In my experience the buyer gains in this transaction by walking in the shoes of the seller, perhaps more than in any other area of the purchase.  Do you have some rooms painted 10 years ago?  Are your wood floors scratched in some places by your dogs?  Are your bathrooms outdated?  Well…..perhaps they are, and you’re still quite happy to live with those small issues in your daily life.  These, my friends, are not usually items that you’re going to ask the seller to repair.  You saw the home, and when you made your offer you factored in the fact that the floor might have to be replaced, or the sinks changed out.  You probably want to repaint, and you’re most certainly going to want to redecorate.  So just because the inspector noted that there were scratches or tears, or perhaps some molding pulled away, you’re not going to win any points by trying to point them out to the seller.

Instead, focus on real issues…issues that your home inspection uncovered that will make living in your new home either unsafe or unhealthy.  That’s where your power lies, and where you can maximize the request for repairs to your benefit.  Here are some examples:

  • You uncover a leak, or apparent damage from a leak, and the seller did not disclose that to you.  No one likes the word mold, and although in my experience mold is found in very few inspections, unrepaired water damage can be a danger should mold develop, and this is an area where the seller will almost always cooperate.
  • You find that electrical wiring has been run in a manner that’s not to code.  Again, this is a safety issue, and the seller should cooperate to repair.
  • You see that the decking is damaged from either water or perhaps termites.  I’ll give you a primer on termites in another article, but usually damage that may result in falls or other safety issues will need to be repaired by the seller.  (Banks often want you to buy “as-is”, so if they refuse to make these repairs make sure you consult with your Realtor and other repair specialists to discover the true cost of making those repairs.
  • The home has no Ground Fault Circuit Interrupters (GFCI) plugs.  These protect you and your family from shock and other electrical damage including the potential for fire, and should always be addressed and repaired or paid for by the seller.

So what about all the other repairs you see that need done?  My suggestion is that you be “reasonable.”  If you really want something done, ask.  But if you understand that the issue is normal “wear and tear” then temper your request so that you get the seller on your side.  If there are a lot of issues that you uncovered during your inspection, perhaps asking the seller to compromise by paying you at close of escrow, and you’ll do the repairs yourself.

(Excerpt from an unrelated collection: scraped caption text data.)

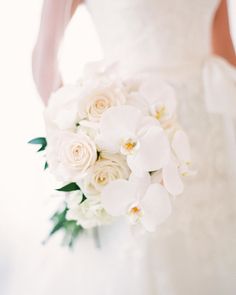 a bride holding a bouquet of white roses and orchids on her wedding day,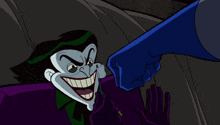 a cartoon of the joker being punched by another character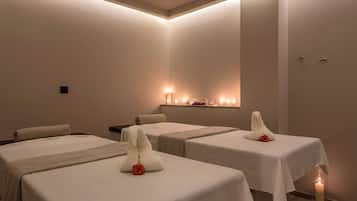A spa room with three beds, each with a white towel and a red rose. There are candles on the floor and a shelf with candles in the background.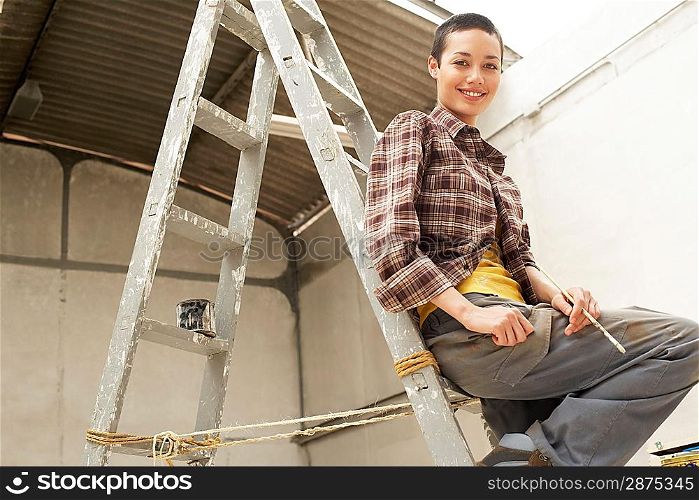 Young Woman on Ladder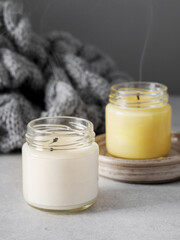Burning candles on grey table, space for text. Grey knitted scarf and scented candles. Cozy winter atmosphere. 2021. Сolors of the year. burning candles on a gray background. New Year. Romantic.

What Requests for Repairs Are Reasonable?  {For the Seller}

“It’s the economy, stupid.”  Yep, like all things that are obvious, agreeing to pay for repairs for the buyer is mostly about two things; money and pride.

Your Realtor should have discussed the Request for Repairs with your at the time you listed your home.  No matter how nice your home is the chances are that some maintenance is overdo.  Think of this as simply one of the factors in pricing your home for sale.  If you do a good inventory of the state of your home before you begin marketing it, then when the buyer requests repairs you’ll be prepared for most of his or her objections.

Next, and just as important as factoring in the cost, is your pride.  This isn’t just a house you’re selling, is it?  No, it’s your home, the place you lived in, painted, decorated, maintained, improved and loved.  An inspection and request for repairs can seem like a slap in the face if you’re emotional about the above.  Don’t be.  Again, try to remember how you felt when you purchased your home.  Walk in the buyer’s shoes.  Be reasonable.